Vetora logo
🌊Data Engineering

Data Lake & Lakehouse

A data lake stores raw, unstructured, and structured data at any scale in open file formats on cheap object storage. The lakehouse architecture adds ACID transactions, schema enforcement, and time travel on top of data lakes using table formats like Delta Lake, Apache Iceberg, and Apache Hudi, bridging the gap between data lakes and data warehouses.

Overview

The **data lake** emerged as a reaction to the rigid schemas and high costs of traditional data warehouses. Instead of requiring data to conform to a predefined schema before loading (schema-on-write), a data lake stores raw data in its native format -- CSV, JSON, Parquet, images, logs -- on cheap object storage like S3, GCS, or ADLS. Any team can write any data to the lake without upfront schema design. Analytics engines (Spark, Presto, Athena) apply schema at read time (schema-on-read), enabling flexible exploration.

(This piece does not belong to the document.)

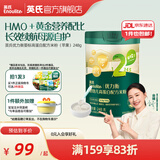 英氏（Engnice）米粉婴儿高铁有机米粉米糊辅食宝宝婴幼儿6个月以上罐装 【高蛋白】2阶婴标HMO配方米粉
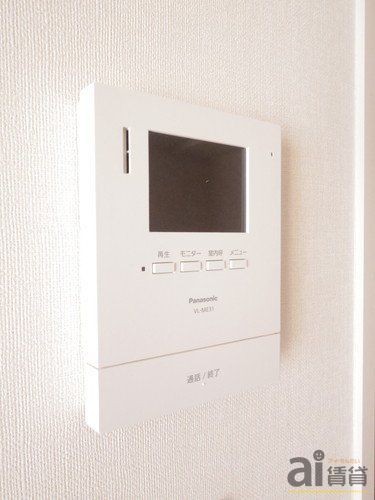 セキュリティ　※同仕様写真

However, data lakes quickly became 'data swamps.' Without transactions, concurrent writes could corrupt data. Without schema enforcement, columns drifted across files. Without versioning, mistakes were irreversible. Without indexing, queries scanned entire directories. The promise of a universal data store collided with the reality of unreliable data.

The **lakehouse** architecture solves these problems by adding a transactional metadata layer on top of the data lake. Three open-source table formats compete: **Delta Lake** (Databricks, uses a JSON/Parquet transaction log), **Apache Iceberg** (Netflix, uses manifest files and snapshot metadata), and **Apache Hudi** (Uber, optimized for upserts and incremental processing). All three provide ACID transactions, schema evolution, partition evolution, time travel (query data as of a past timestamp), and efficient upsert/delete operations -- all while storing data in open Parquet files on object storage.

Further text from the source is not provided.